Bei Verkehrswertgutachten, die seit dem 1.1.2022 erstellt wurden, ist die neue ImmoWertV gem. § 53 ImmoWertV auch dann anzuwenden, wenn sie sich auf einen Stichtag beziehen, der vor dem 1.1.2022 liegt.
Die neue ImmoWertV trat an die Stelle der ImmoWertV 2010, die sich auf die Regelung allgemeiner Grundsätze für die Wertermittlung beschränkte. Detaillierte Regelungen zur Ermittlung des Bodenrichtwerts und der verschiedenen Wertermittlungsverfahren befanden sich bisher in einzelnen Richtlinien (Bodenrichtwertrichtlinie, Sachwertrichtlinie, Vergleichswertrichtlinie, Ertragswertrichtlinie).

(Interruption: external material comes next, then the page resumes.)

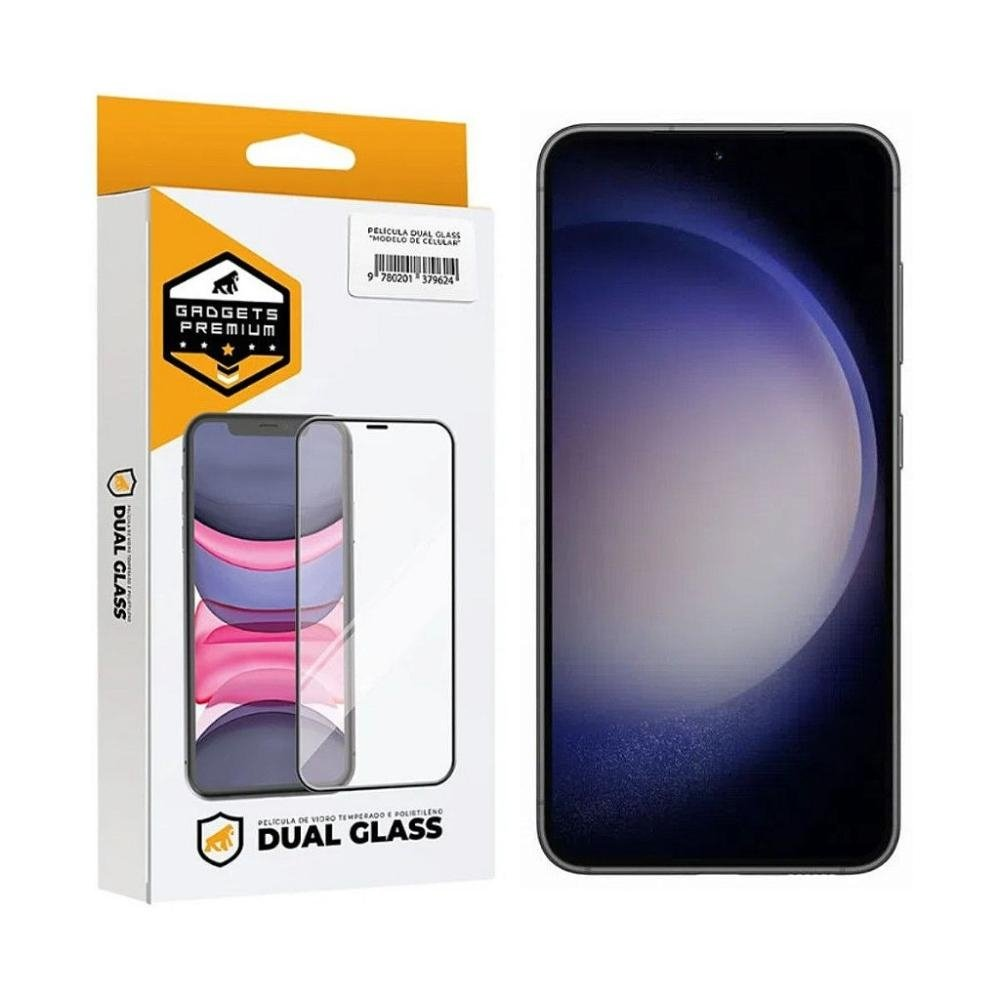 Pelicula para Galaxy S23 Plus - Dual Glass Preta - Gshield Pelicula para Galaxy S23 Plus - Dual Glass Preta - Gshield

Die zur ImmoWertV 2021 angekündigten Anwendungshinweise (ImmoWertVA) wurden bisher nicht veröffentlicht (Stand 1.2.2023).
Rz. 16
Die gesetzlichen Grundlagen für die Immobilienbewertung befinden sich in den §§ 192–199 BauGB. In § 194 BauGB ist die Definition des Verkehrswerts (Marktwerts) enthalten. In § 199 BauGB ist die Ermächtigung geregelt, nach der die Bundesregierung durch Rechtsverordnung "Vorschriften über die Anwendung gleicher Grundsätze für die Ermittlung der Verkehrswerte und die Ermittlung der für die Wertermittlung erforderlichen Daten einschließlich der Bodenrichtwerte" erlassen darf. Von dieser Ermächtigungsgrundlage hat die Bundesregierung mit der ImmoWertV Gebrauch gemacht. Insbesondere enthält die neue ImmoWertV jetzt verbindliche Vorgaben für die Gutachterausschüsse zur Ermittlung der für die Wertermittlung erforderlichen Daten“ (§ 193 Abs. 5 und § 196 BauGB). Durch die ImmoWertV soll eine Vereinheitlichung und Standardisierung der Grundstücksbewertung in Deutschland erreicht werden. Dies lag vor allem im Interesse der Finanzverwaltung, die die für die Grundstücksbewertung erforderlichen Daten von den Gutachterausschüssen übermittelt bekommt (§ 193 Abs. 5 BauGB).
Rz. 17
Drei Methoden kommen in Betracht:
▪ |
das Vergleichswertverfahren, |
▪ |
das Ertragswertverfahren, |
▪ |
das Sachwertverfahren. |
Rz. 18
Für eigengenutzte Einfamilienhäuser und Eigentumswohnungen dürfte im Regelfall die Sachwertmethode zum richtigen Ergebnis führen, bei Mietshäusern die Ertragswertmethode, weil es dabei für einen Interessenten auf die Verzinsung seines Kapitaleinsatzes ankommt. Aber auch Mischwerte aus Ertragswert und Sachwert kommen in Betracht.
BGH, Urt. v. 10.11.2010:
Zitat
"Fremdgenutzte Betriebsgrundstücke sind nach dem Ertragswertverfahren zu bewerten."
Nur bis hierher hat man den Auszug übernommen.